● **Task statement**
Pictures are to be omitted. Output only the lines from the one containing "Happy little child" through the end of the data, word for word.

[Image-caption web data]
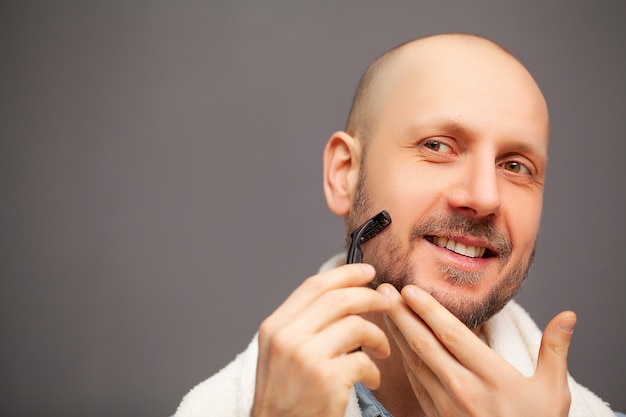 Man in de badkamer scheert zijn baard met een scheermes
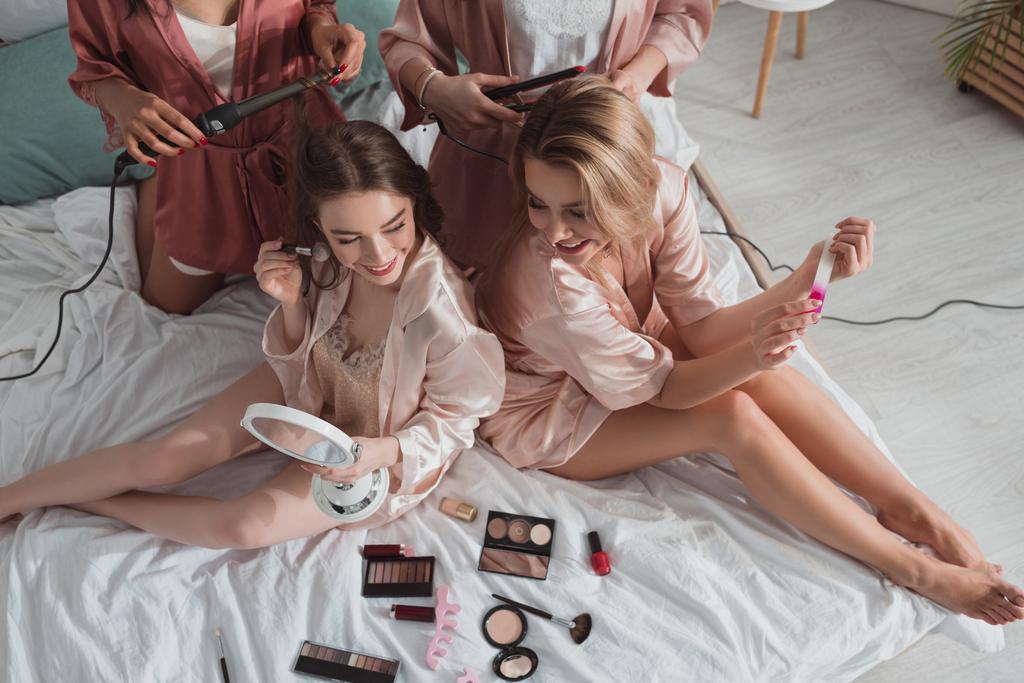 High angle view of multicultural women together using cosmetics and curling irons on bed at bachelorette party - Photo, Image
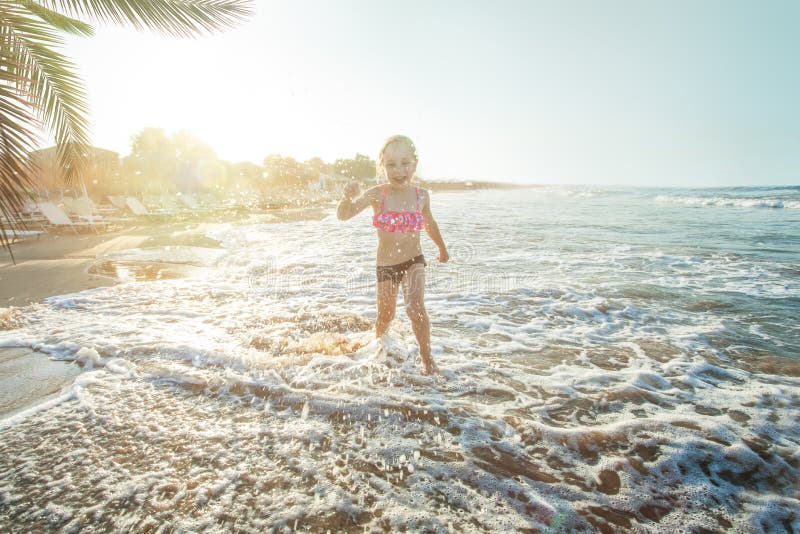 Happy little child girl playing on sea beach and having fun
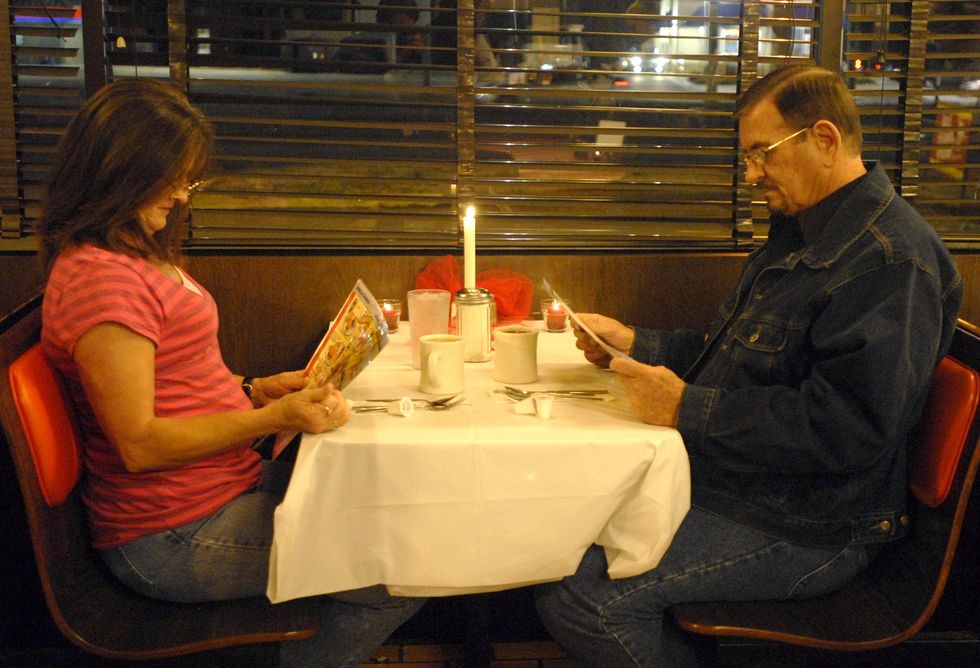 A couple look at a Waffle House menu illuminated by candlelight on Valentine's Day.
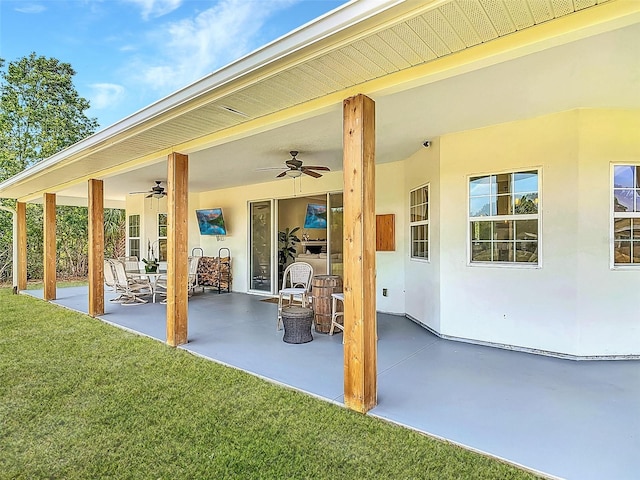 view of patio featuring ceiling fan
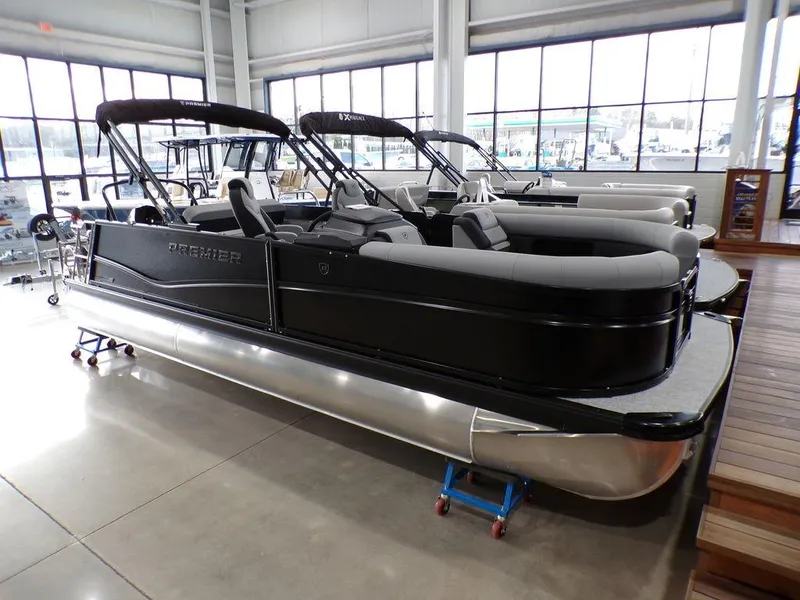 Slide: The Image of 2025 Premier 230 Sunsation RL pontoon boat in showroom, featuring sleek black design. - 30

● **Solution to this task**
 Happy little child girl playing on sea beach and having fun
 A couple look at a Waffle House menu illuminated by candlelight on Valentine's Day.
 view of patio featuring ceiling fan
 Slide: The Image of 2025 Premier 230 Sunsation RL pontoon boat in showroom, featuring sleek black design. - 30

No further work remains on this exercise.